Image Gallery: Lymph Node Cytology

FIGURE 1 Normal lymph node.

Most (85%-95%) of the cells (gray arrow) are small lymphocytes (ie, smaller than a neutrophil [blue arrow]), with round nuclei, condensed chromatin; inconspicuous nucleoli; and scant, pale cytoplasm, resulting in a high nuclear:cytoplasmic (N:C) ratio. Occasional intermediate lymphocytes (red arrow), which are similar in size to neutrophils, have less condensed chromatin and slightly more cytoplasm. Occasional large lymphocytes, sometimes called lymphoblasts (black arrow), are larger than neutrophils, and have finely stippled chromatin and nucleoli, along with moderate amounts of basophilic cytoplasm. Numerous RBCs are consistent with blood contamination. (Wright-Giemsa stain, magnification 1000×)

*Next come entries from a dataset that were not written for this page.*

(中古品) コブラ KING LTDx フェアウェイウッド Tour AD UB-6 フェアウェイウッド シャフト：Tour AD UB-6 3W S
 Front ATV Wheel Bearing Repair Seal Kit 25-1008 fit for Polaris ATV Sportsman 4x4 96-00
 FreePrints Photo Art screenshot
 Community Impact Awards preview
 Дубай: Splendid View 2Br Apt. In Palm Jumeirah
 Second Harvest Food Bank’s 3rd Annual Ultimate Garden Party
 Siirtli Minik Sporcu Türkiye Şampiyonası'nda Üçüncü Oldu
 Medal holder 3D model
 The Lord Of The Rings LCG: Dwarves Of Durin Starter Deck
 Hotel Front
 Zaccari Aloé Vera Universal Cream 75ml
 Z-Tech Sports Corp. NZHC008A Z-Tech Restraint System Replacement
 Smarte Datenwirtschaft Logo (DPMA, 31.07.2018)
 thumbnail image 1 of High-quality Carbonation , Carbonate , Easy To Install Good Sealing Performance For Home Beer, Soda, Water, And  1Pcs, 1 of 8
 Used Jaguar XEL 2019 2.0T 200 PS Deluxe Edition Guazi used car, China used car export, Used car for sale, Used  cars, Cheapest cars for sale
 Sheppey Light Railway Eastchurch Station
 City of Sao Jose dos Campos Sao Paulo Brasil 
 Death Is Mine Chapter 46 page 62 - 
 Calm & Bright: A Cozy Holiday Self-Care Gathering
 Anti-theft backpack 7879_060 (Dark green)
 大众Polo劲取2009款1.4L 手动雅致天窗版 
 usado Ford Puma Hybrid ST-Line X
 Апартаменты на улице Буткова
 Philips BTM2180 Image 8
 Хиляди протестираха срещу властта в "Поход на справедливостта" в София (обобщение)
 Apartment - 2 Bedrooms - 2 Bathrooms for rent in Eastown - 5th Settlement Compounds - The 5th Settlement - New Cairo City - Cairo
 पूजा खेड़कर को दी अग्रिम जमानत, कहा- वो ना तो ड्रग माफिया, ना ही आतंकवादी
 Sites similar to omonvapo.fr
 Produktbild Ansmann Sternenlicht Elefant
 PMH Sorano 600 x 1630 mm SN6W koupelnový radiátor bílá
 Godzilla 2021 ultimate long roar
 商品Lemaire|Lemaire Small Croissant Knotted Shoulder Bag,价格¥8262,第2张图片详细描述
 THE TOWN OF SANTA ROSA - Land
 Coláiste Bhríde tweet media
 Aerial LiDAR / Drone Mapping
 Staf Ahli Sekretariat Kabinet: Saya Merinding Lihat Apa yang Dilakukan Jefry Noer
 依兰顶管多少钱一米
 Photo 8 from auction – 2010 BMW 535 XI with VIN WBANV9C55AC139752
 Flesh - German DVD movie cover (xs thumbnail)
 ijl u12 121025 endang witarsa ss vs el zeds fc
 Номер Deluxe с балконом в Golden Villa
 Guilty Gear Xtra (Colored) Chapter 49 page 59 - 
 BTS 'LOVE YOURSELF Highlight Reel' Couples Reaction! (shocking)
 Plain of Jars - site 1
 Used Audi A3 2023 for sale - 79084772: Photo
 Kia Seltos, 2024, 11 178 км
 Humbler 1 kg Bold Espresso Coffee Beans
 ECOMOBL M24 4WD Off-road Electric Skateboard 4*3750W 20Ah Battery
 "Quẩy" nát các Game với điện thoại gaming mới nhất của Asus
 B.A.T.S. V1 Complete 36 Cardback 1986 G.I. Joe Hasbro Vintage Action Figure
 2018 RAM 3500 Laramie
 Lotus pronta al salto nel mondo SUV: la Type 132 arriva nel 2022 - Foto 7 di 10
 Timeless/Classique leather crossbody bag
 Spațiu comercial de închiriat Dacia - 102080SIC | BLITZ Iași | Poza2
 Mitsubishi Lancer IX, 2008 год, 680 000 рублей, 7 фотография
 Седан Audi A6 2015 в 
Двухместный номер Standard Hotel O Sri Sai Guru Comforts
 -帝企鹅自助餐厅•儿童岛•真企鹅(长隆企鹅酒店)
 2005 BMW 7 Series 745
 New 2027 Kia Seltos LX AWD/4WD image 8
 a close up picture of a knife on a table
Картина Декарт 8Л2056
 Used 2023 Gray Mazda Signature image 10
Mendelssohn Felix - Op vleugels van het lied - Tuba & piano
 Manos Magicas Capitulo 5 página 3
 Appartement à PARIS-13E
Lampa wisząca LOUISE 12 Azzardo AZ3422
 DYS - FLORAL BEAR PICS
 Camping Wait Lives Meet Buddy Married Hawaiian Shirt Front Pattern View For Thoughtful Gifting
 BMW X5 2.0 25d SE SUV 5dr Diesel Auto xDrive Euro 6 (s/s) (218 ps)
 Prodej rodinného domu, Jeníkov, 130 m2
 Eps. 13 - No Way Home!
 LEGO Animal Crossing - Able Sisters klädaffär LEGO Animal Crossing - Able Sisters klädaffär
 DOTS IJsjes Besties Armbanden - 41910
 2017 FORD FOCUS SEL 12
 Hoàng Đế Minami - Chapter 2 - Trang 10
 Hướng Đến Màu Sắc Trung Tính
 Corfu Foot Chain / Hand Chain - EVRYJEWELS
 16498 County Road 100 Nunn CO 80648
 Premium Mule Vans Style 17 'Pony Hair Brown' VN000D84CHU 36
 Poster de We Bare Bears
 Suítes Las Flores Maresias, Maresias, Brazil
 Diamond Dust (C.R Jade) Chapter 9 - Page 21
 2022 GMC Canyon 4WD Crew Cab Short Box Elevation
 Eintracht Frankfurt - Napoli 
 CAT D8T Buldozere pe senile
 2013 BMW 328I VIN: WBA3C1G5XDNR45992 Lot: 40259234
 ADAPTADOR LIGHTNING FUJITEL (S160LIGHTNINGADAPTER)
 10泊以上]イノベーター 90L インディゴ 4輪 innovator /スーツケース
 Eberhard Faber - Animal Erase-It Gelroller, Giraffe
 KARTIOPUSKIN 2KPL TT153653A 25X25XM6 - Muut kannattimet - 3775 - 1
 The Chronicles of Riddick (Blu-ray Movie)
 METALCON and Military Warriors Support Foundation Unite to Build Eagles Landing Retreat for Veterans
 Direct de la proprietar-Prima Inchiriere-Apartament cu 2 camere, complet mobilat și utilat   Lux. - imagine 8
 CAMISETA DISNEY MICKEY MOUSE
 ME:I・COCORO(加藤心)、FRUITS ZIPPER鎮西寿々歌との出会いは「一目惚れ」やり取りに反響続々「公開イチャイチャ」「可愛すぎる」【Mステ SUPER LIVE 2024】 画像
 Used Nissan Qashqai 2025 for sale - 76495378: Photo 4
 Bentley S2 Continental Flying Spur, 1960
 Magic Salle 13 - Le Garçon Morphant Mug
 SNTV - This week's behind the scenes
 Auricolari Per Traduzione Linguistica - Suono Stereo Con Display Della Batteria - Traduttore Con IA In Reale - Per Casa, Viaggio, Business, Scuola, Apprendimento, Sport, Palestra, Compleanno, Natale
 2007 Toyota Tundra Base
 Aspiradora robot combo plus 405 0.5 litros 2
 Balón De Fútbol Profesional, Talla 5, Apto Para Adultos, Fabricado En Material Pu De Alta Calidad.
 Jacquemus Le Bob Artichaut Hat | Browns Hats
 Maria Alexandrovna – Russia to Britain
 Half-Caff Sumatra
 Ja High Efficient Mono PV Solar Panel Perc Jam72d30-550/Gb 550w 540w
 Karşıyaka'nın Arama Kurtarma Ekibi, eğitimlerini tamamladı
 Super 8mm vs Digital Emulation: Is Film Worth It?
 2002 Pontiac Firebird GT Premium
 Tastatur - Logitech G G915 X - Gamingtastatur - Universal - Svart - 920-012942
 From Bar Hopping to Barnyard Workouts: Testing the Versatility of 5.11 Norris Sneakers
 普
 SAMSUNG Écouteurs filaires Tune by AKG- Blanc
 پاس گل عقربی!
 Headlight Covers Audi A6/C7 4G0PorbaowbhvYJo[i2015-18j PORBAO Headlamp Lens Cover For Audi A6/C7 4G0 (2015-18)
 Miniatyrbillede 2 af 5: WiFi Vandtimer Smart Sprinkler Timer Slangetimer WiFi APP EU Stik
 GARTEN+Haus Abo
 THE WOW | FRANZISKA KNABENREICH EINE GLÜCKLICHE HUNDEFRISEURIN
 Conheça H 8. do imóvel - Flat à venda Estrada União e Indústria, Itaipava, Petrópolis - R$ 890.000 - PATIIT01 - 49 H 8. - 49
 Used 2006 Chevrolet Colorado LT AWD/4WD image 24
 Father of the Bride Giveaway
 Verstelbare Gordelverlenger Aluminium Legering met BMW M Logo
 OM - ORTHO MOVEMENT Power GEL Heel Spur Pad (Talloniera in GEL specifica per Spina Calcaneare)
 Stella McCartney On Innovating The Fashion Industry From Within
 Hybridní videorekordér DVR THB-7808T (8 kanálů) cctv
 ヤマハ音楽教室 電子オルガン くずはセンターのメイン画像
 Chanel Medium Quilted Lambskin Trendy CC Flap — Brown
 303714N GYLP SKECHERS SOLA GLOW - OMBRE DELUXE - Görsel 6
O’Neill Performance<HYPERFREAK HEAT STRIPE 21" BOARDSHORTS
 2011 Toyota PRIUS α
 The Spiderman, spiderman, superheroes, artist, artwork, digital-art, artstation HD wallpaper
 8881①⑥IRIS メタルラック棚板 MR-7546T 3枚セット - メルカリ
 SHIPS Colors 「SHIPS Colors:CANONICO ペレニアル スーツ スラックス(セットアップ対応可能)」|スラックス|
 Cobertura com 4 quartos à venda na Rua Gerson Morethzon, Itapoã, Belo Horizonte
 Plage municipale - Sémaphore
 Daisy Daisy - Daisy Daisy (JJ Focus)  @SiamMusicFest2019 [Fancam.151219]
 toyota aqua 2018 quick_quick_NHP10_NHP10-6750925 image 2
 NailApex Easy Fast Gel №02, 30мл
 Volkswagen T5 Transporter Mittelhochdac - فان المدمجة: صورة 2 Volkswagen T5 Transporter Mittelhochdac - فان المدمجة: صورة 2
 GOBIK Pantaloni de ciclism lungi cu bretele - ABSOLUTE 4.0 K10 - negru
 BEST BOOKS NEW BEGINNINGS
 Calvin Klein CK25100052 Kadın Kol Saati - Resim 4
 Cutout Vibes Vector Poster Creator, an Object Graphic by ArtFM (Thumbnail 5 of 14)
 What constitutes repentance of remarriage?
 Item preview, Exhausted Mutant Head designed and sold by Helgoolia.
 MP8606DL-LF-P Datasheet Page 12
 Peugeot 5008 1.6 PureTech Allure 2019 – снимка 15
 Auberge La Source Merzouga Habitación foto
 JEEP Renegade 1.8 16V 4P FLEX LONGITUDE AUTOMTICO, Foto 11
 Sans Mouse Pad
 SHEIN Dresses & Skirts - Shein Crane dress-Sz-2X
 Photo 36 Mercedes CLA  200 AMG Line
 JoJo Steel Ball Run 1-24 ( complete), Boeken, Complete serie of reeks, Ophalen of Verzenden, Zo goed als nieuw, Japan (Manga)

FIGURE 2 Aspirate of perinodal fat.

Simultaneous aspiration of fat can result in rupture of lymphocytes and a nondiagnostic preparation as shown. Adipocytes are large cells with a small oval nucleus (black arrow), condensed chromatin, and abundant clear cytoplasm. Ruptured lymphocytes appear as smudged pink-to-purple chromatin or as bare nuclei (red arrows). Evaluation of the lymphocytes is not possible without intact cytoplasmic and nuclear membranes. Obtaining aspirates of other enlarged nodes or a different area of the affected node is recommended when the slide contains primarily adipose tissue. (Wright-Giemsa stain, magnification 200×)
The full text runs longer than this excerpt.